Trump son-in-law met executives of sanctioned Russian bank, will testify

A Russian bank under Western economic sanctions over Russia`s incursion into Ukraine disclosed on Monday that its executives had met Jared Kushner, President Donald Trump`s son-in-law and a top White House adviser, in December, Reuters reports.

A U.S. Senate committee investigating suspected Russian interference in the election wants to interview Trump associates, including Kushner, 36, who is married to Trump`s daughter Ivanka Trump and has agreed to testify, according to Reuters.

Kushner previously acknowledged meeting the Russian ambassador to Washington last December and only on Monday did it emerge that executives of Russian state development bank Vnesheconombank (VEB) had talks with Kushner during a bank roadshow last year.

U.S. officials said that after meeting with Russian Ambassador Sergei Kislyak at Trump Tower last December, a meeting also attended by Donald Trump`s former national security adviser Mike Flynn, Kushner met later in December with Sergei Gorkov, chairman of Vnesheconombank.

Gorkov was appointed head of VEB in early 2016 by Russian President Vladimir Putin. He graduated from the Federal Security Service, or FSB, Russia`s internal security agency.
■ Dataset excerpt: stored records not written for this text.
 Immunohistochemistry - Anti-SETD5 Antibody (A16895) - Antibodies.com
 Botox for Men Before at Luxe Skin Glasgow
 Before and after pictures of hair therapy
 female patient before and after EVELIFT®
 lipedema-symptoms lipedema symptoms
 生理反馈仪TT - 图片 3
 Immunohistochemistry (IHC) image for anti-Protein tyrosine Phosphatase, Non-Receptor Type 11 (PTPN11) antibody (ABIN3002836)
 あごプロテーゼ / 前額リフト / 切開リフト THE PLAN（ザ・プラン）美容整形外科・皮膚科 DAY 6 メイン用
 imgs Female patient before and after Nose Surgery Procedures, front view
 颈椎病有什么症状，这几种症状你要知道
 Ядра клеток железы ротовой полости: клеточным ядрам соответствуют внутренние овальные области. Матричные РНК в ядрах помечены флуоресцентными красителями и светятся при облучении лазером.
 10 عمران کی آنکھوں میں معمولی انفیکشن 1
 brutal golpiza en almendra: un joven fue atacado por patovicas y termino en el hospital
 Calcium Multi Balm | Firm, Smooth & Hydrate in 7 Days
He was awarded the Medal of the Order of Merit for Services to the Fatherland, according to the bank`s website.

According to two congressional staffers, some Senate investigators want to question Kushner and Flynn about whether they discussed with Gorkov or other Russian officials or financial executives the possibility of investing in 666 Fifth Avenue in New York or other Kushner Co or Trump properties if the new administration lifted the sanctions.

On Monday, White House spokesman Sean Spicer told reporters that Kushner was willing to testify to the Senate Intelligence Committee but no date had yet been scheduled.

VEB, aside from being under sanctions, has been grappling with bad debt after financing politically expedient projects such as construction for the Sochi Winter Olympics.

It received 150 billion rubles ($2.6 billion) in support from the Russian budget in 2016, when its senior management was sacked and replaced by a team of executives from Russia`s biggest lender Sberbank.